§ PROBLEM: Print nothing except the lines of the listing below from the line with "Used 2024 Jeep" to the line with "Sigma 105mm F 2,8 EX D MACRO pro Nikon", each exactly as written, both ends included.

:: DATASET ENTRIES

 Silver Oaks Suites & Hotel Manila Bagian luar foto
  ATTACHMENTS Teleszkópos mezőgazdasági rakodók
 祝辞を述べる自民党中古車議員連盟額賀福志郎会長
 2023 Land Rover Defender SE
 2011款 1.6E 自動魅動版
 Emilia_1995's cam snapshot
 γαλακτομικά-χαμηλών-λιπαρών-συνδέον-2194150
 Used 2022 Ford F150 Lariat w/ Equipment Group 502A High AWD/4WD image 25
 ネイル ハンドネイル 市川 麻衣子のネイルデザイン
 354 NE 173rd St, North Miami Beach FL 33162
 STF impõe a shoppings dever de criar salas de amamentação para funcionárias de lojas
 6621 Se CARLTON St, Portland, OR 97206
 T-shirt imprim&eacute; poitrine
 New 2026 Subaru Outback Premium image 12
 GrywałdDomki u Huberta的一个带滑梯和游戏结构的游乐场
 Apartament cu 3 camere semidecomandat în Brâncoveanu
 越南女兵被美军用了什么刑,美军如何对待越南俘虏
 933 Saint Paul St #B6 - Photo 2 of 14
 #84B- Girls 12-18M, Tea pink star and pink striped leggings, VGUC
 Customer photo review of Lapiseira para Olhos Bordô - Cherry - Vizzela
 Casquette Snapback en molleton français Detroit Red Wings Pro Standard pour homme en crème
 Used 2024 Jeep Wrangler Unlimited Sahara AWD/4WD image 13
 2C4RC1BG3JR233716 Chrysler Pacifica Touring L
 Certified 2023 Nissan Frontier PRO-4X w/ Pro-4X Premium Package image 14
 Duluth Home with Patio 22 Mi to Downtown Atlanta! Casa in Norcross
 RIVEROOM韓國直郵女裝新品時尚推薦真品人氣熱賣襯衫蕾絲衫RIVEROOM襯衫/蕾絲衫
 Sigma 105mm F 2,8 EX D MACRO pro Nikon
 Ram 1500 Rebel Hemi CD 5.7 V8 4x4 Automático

::::

§ EXERCISE ANSWER:
 Used 2024 Jeep Wrangler Unlimited Sahara AWD/4WD image 13
 2C4RC1BG3JR233716 Chrysler Pacifica Touring L
 Certified 2023 Nissan Frontier PRO-4X w/ Pro-4X Premium Package image 14
 Duluth Home with Patio 22 Mi to Downtown Atlanta! Casa in Norcross
 RIVEROOM韓國直郵女裝新品時尚推薦真品人氣熱賣襯衫蕾絲衫RIVEROOM襯衫/蕾絲衫
 Sigma 105mm F 2,8 EX D MACRO pro Nikon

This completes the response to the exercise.